▶ **SUPPLIED MATERIAL**:
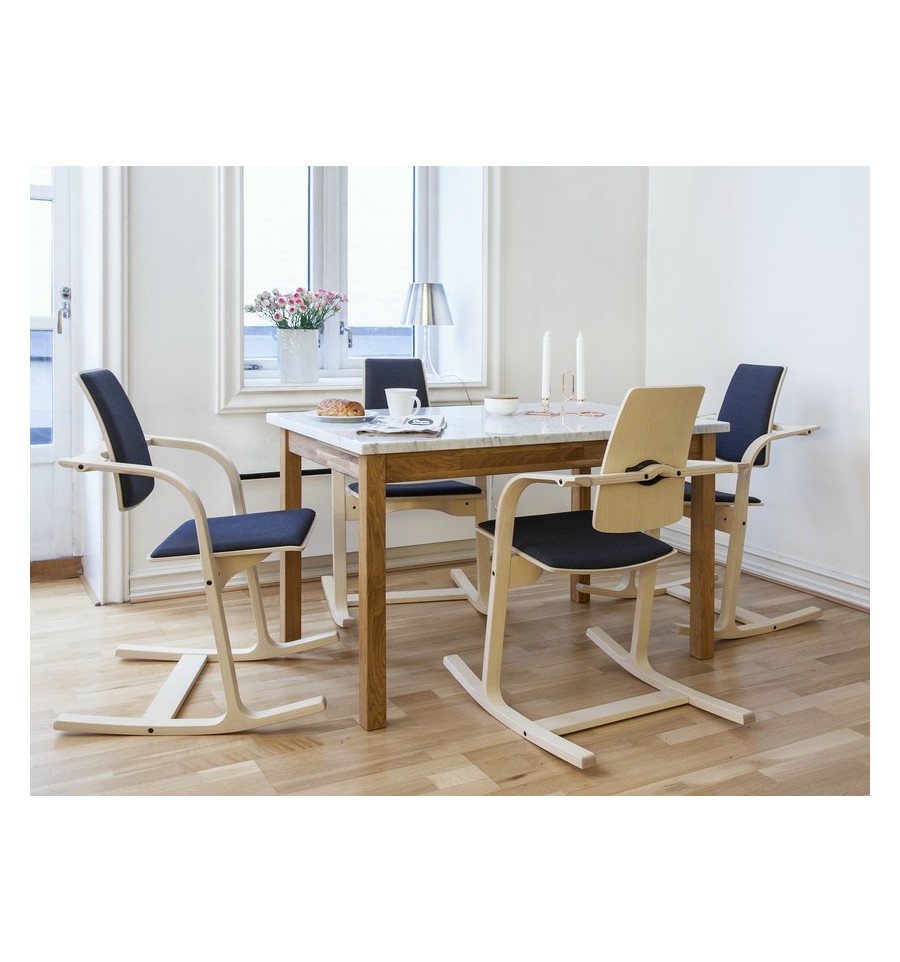 Varier Actulum | Flexible Working Chair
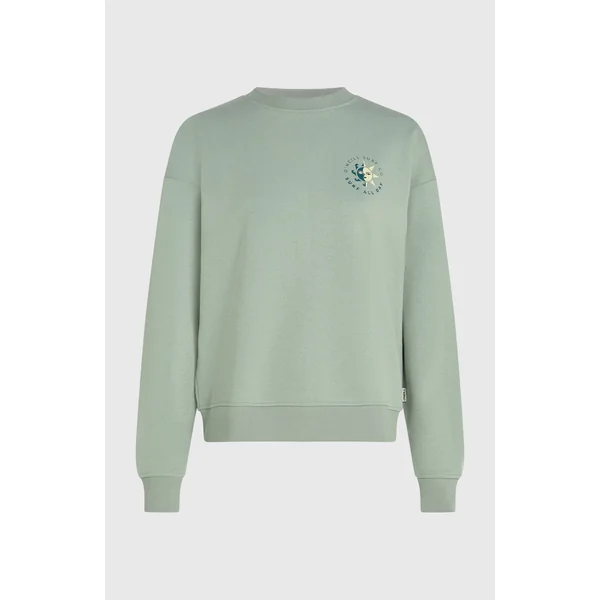 Sweatshirt Summer Must-Have Crewneck | Marble Arch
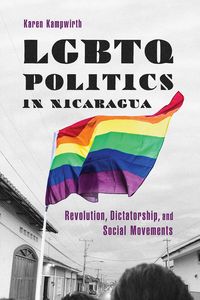 Produktbild: LGBTQ Politics in Nicaragua
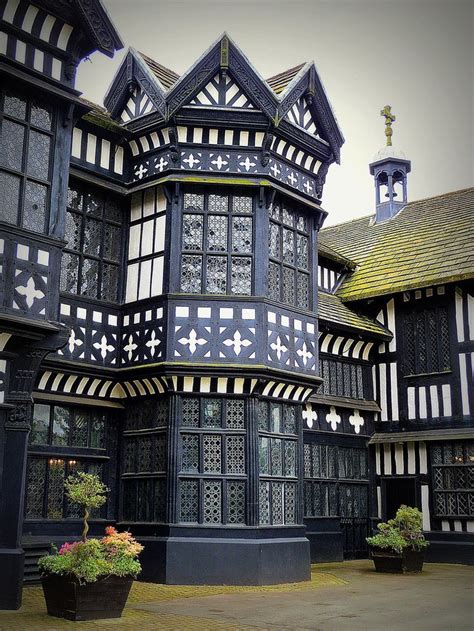 tudor museums|famous tudor houses.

▶ **TASK GOAL**: Would you retype all the material above exactly, apart from its pictures?

▶ **TASK SOLUTION**:
 Varier Actulum | Flexible Working Chair
 Sweatshirt Summer Must-Have Crewneck | Marble Arch
 Produktbild: LGBTQ Politics in Nicaragua
 tudor museums|famous tudor houses.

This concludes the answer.